The bulls are piling into Best Buy today.
Our Heat Seeker monitoring program detected the purchase of some 9,000 September 32 calls for $1.60 and the sale of an equal number of September 36 calls for $0.42. Volume was more than 8 times open interest at each strike, clearly indicating new activity.
The transaction cost $1.18 and will earn a maximum profit of 239 percent if the specialty retailer closes at or above $36 on expiration. That's roughly the same level where the shares gapped lower in December 2010, which could make some chart watchers expect it to become resistance.
The strategy is known as a bullish call spread because it controls a move between two prices, in this case $32 and $36. (See our Education section for more on the leveraging power of options.)

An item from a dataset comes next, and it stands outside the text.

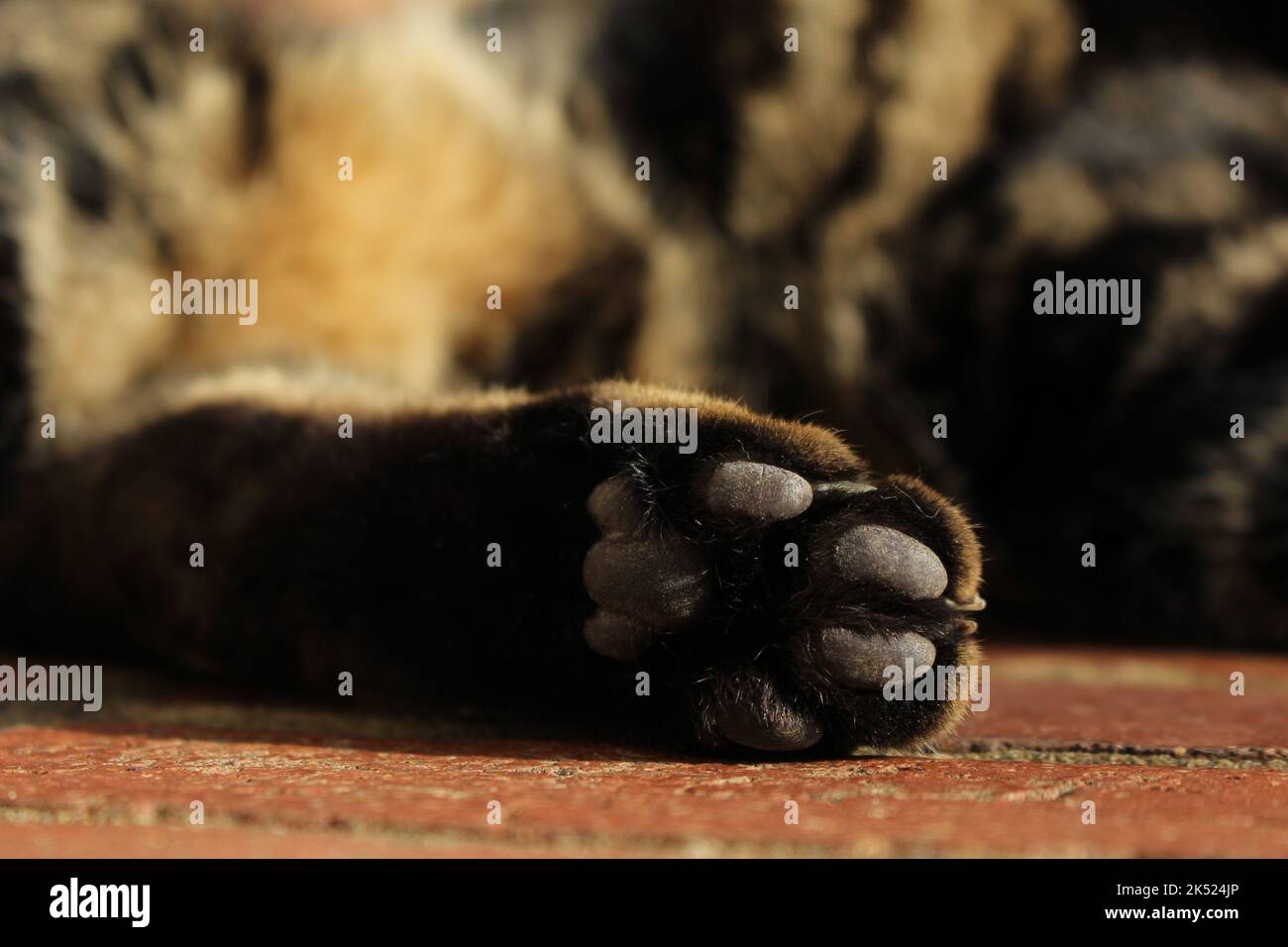 Adorable back paw of domestic cat. Macro close up of metatarsal outdoors. Black paw pad Stock Photo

BBY is up 0.13 percent to $31.34 in afternoon trading and has almost tripled so far this year. The company lost about two-thirds of its value between late 2010 and late 2012 amid consistently weak results but has been rebounding more recently as it focuses on smartphones to profit from its large fleet of stores.
Larger trades appeared later in the session. In one, they bought 9,500 September 32 calls for $0.1.71, while selling equal-sized blocks in the December 28 puts for $0.63 and the September 38 calls for $0.82. They also repeated the September 32-September 36 call spread another 10,494 times.
The next earnings report is scheduled for Aug. 20.
Total option volume is more than 17 times greater than average so far today, according to the Heat Seeker. Calls outnumber puts by more than 5 to 1.